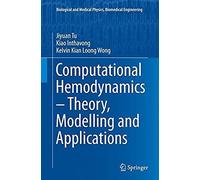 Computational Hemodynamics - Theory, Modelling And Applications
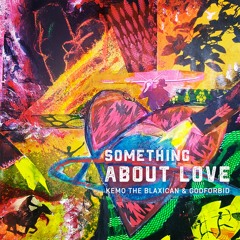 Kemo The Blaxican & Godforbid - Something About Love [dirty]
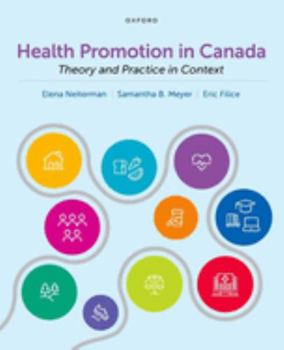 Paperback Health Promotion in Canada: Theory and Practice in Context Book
* * * * * * * * *
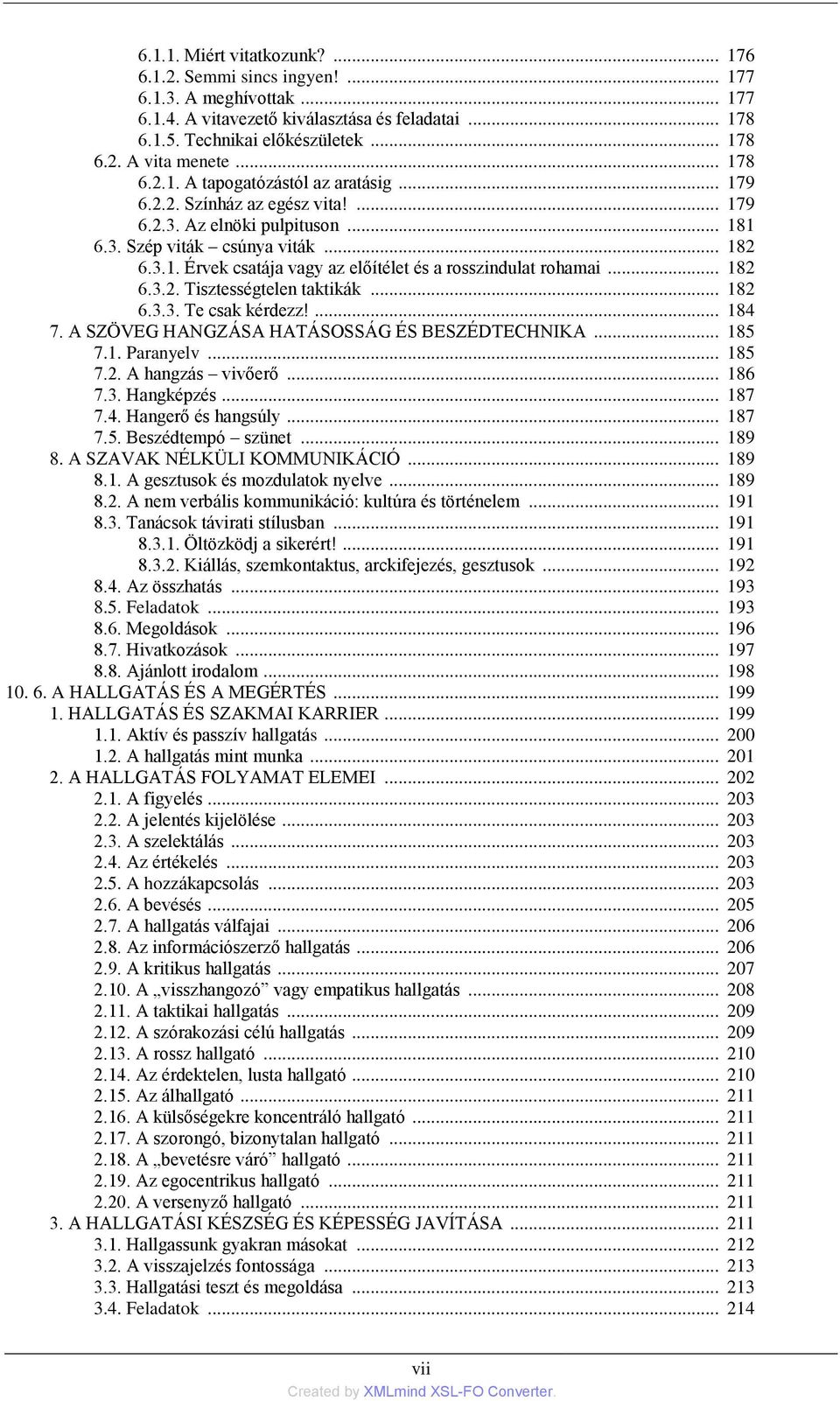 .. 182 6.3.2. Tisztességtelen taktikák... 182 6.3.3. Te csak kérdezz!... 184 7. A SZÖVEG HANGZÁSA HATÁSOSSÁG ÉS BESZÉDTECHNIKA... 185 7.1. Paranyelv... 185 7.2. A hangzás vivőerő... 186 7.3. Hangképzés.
* * * * * * * * *
**Task statement:** Return exactly the lines above, from the one with "Computational Hemodynamics - Theory, Modelling" up to and including the one with "Paperback Health Promotion", and include no pictures.

**Finished task:**
 Computational Hemodynamics - Theory, Modelling And Applications
 Kemo The Blaxican & Godforbid - Something About Love [dirty]
 Paperback Health Promotion in Canada: Theory and Practice in Context Book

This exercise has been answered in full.